The inside ward over Angie's and Little Evan's room was shaped so that even I couldn't enter without setting off an alarm. But I could check in, making sure the kids were okay. I'm not the motherly sort, so it felt strange to have children in my home, and even stranger to feel protective. Fiercely, violently protective, as Beast's maternal instincts, so different from my own, spilled over into my human consciousness.

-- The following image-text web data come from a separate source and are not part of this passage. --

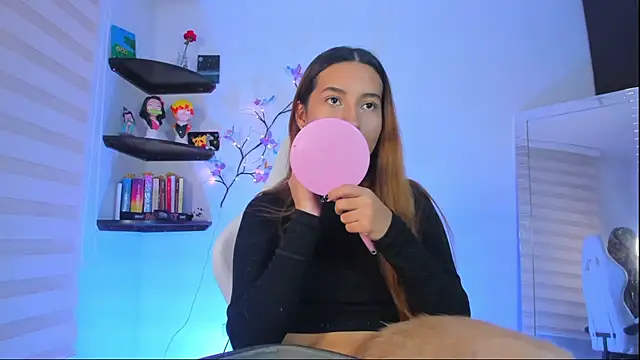 Snapshot of kittyrush_ chatting on 11.28.25 kittyrush online show from 11.28.25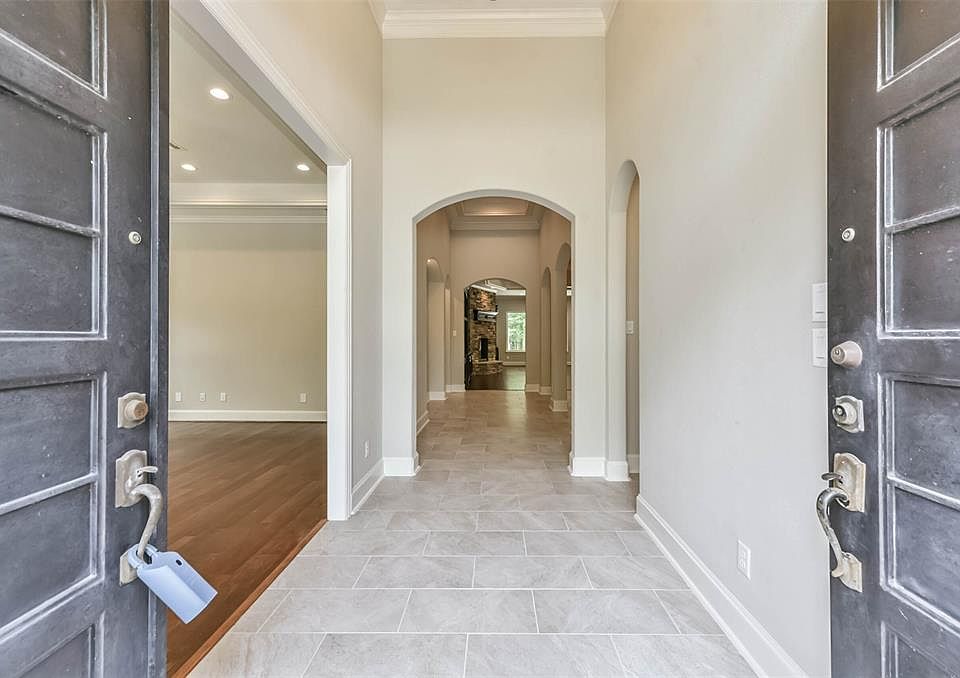 1st image of 2932 S Cotswold Manor Dr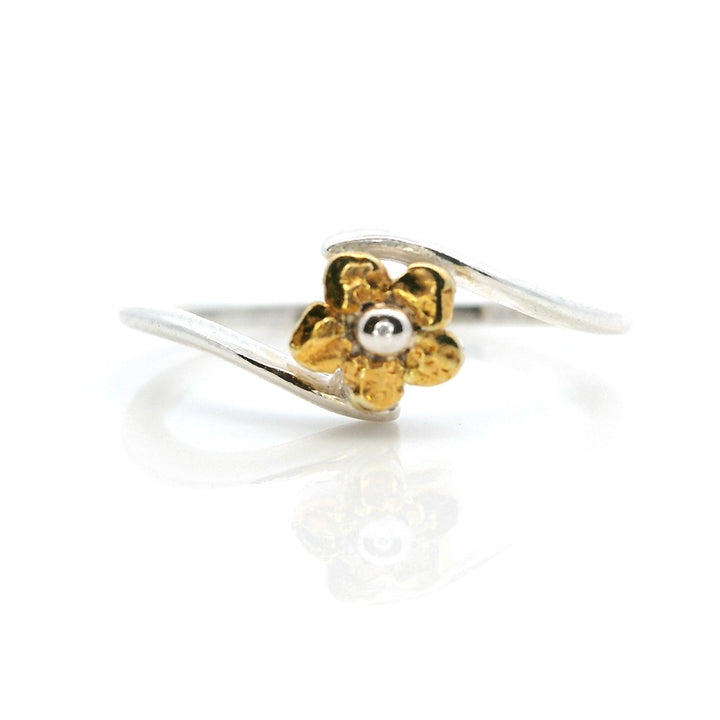 Flower Contemporary Womens Alaskan Gold Nugget Fashion Ring 2 mm wide Sterling Silver & Alaskan Gold Nugget Size 9
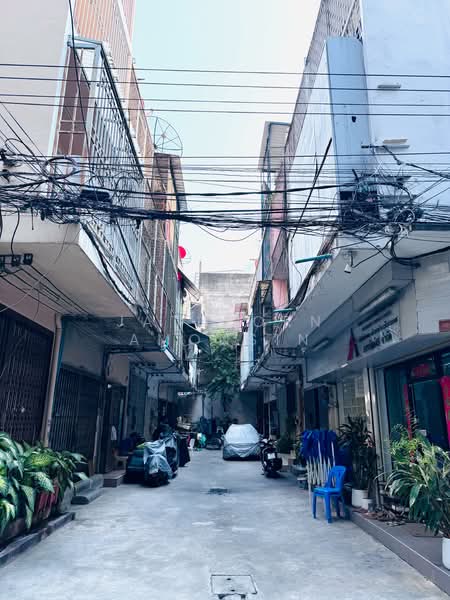 อาคารพาณิชย์ 3 ชั้น ในซอยเพชรบุรี 18, Bangkok, Thanon Phetchaburi, Ratchathewi, Bangkok, , 105 sqm, Shophouse For Sale, by Jatuporn Amonsin, 500234699 - DDproperty.com
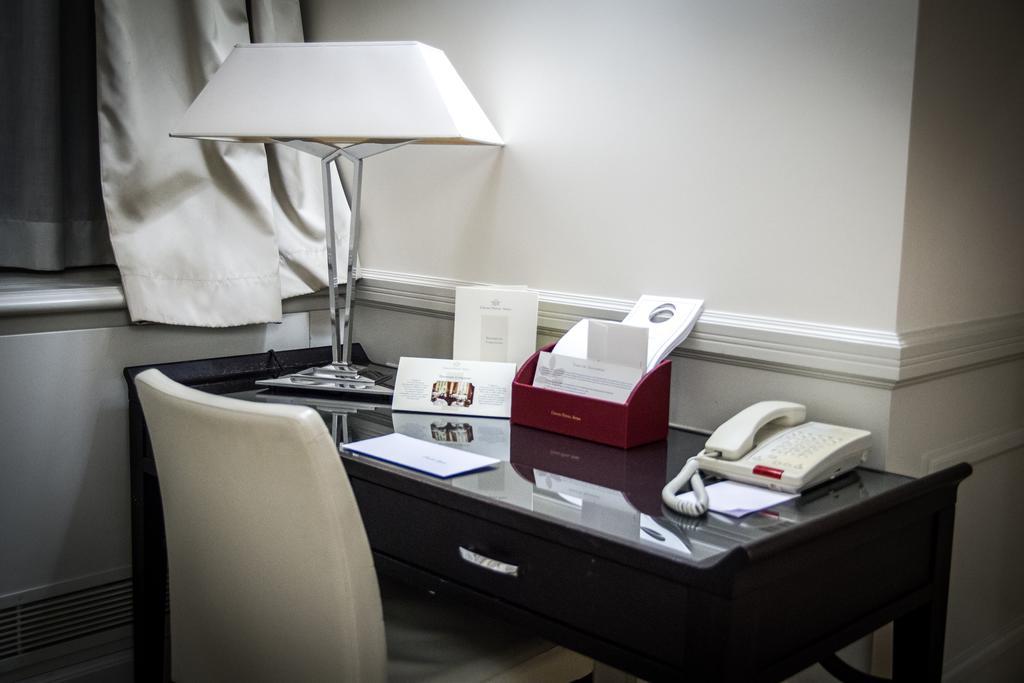 Grand Hotel Sitea Torino Esterno foto A desk in a hotel room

With my exceptional night vision, I could see well enough into the dim room. Little Evan was stretched out, covers thrown off, his fists tightly balled, arms to either side, his cheeks puffing with each breath. On the bed closer to the door, Angelina was curled into a ball beneath the covers, her face as angelic as her name. Both were, amazingly, already asleep. Kids.
"They won't disappear in a wisp of smoke," a soft voice said behind me.

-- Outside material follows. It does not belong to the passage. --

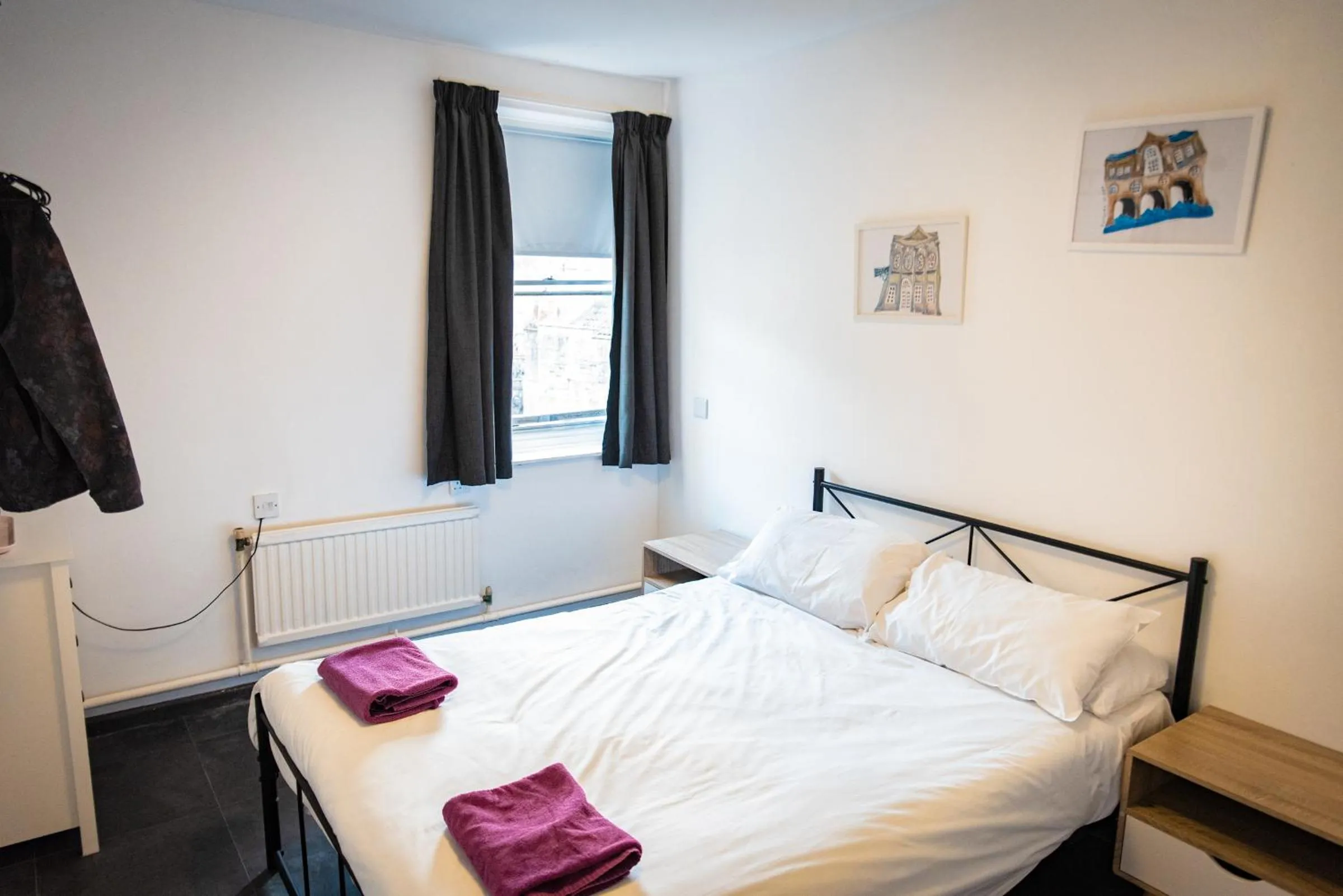 Double Room with Shared Bathroom in Bath YMCA Hostel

I smiled, feeling rueful, wondering if Molly had set a ward I had never detected, one that notified her when someone even approached the children's doorway. Probably.
"Just checking," I said. Holding the tray in front of me, I turned, finding Molly in the shadows of the wide hallway. Her long, thin nightgown fluttered in the air from the open windows; her red ringlets hung down her back. She looked like something from the nineteen hundreds, except for the iPod around her neck. I set the tray on a little spindled table in the hall and offered her one of the mugs. Molly crossed the wide hallway on bare feet and took it.
"No one can get in," she said, sipping. "Not through my ward. Or at least not without fireworks going off. You don't have to prowl the house with butcher knives."
I pulled and flipped a knife. The blade caught the lamp, bright and glittering, the narrow, deep flukes along the blade appearing almost ornamental with their silvering, making the weapon strong, flexible, lightweight, beautiful, the blade's silver plating poisonous to vampires. A work of art. It was a new blade. I really liked it. "Not a butcher knife. It's a vamp-killer."
"It's a claw, is what it is," she said, the wry tone becoming drier, sharper. "I counted. You're wearing ten. Just like your Beast's front paw claws."
I shrugged. It was true; I had ten. As a skinwalker, I had a preference for big cats--puma, African lion, leopards, but mostly for the mountain lion form. It was easiest to be Beast. If I ever discover a skinwalker psychiatrist, I'm sure he'll apply some Jungian or Freudian school of thought to me, and the weapons I choose will be a big part of the analysis.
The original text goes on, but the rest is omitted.